In a 1970 article, "Pot Facing Stringent Scientific
Examination ," reference is made to Dr. Par who states that there
are three areas in which "chemical and animal experiments are under
way:" (1) Analgesia-mood elevation plus analgesic power may make
useful drug. (2) Blood pressure reduction-hypertension may be helped by
new drugs which lower the blood pressure by what seems to be action on
the central nervous system. (3) Psychotherapeutic-new compounds are antidepressants
and antianxiety drugs (Culliton: 1970).
Mikuriya cites it studies concerning cannabis funded by
the National Institute of Mental Health in 1961. The studies were "either
specialized animal experiments, part of an observational sociologic study
of a number of drugs, or explorations of chemical detection methods"
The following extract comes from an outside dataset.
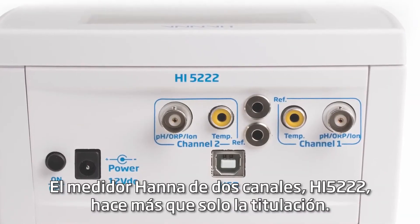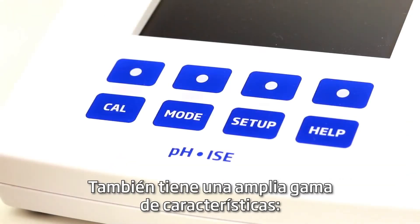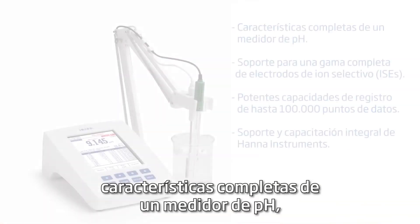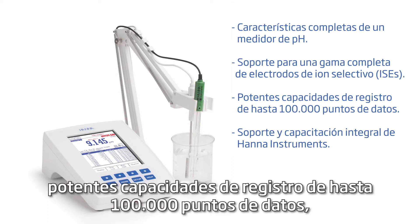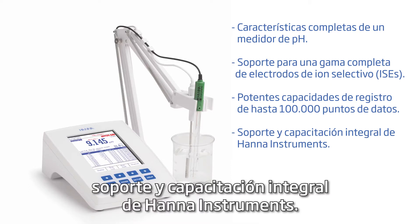The HANA HI5222 two-channel meter does more than just titration. It also has a wide range of features: a fully featured pH meter, support for a full range of ion-selective electrodes (ISEs), powerful logging capabilities up to 100,000 data points, and HANA Instruments comprehensive support and training.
(Mikuriya, 1969: 38). Feinglass has pointed to four general categories
into which the clinical studies of marihuana could be divided (1968: 206-208).
They are:
Anticonvulsant effects-treatment of tetanus, convulsions
of rabies, epilepsy, infant convulsions, Psychotherapeutic actions - appetite-stimulation,
treatment of depression, sedative and hypnotic in reducing anxiety, treatment
of addiction, Antibiotic properties, Pain-affecting power.
Grinspoon suggests:
Very little research attention has been given to the possibility
that marihuana might protect some people from psychosis. Among users of
the drug, the proportion of people with neuroses or personality disorders
is usually higher than in the general population; one might therefore
expect the incidence of psychoses also to be higher in this group. The
fact that it is not suggests that for some mentally disturbed people,
the escape provided by the drug may serve to prevent a psychotic breakdown.
(1969: 24).
Mikuriya lists many possible therapeutic uses of THC and
similar products in his paper "Marihuana in Medicine: Past, Present
and Future." He includes:
Analgesic-hypnotic, appetite stimulant, antiepileptic, antispasmodic,
prophylactic and treatment of the neuralgias, including migraine and tic
douloureaux, antidepressant-tranquillizer, anti-asthmatic, oxytocic, anti-tussive,
topical anesthetic, withdrawal agent for opiate and alcohol addiction,
child birth analgesic, and antibiotic (1968: 39).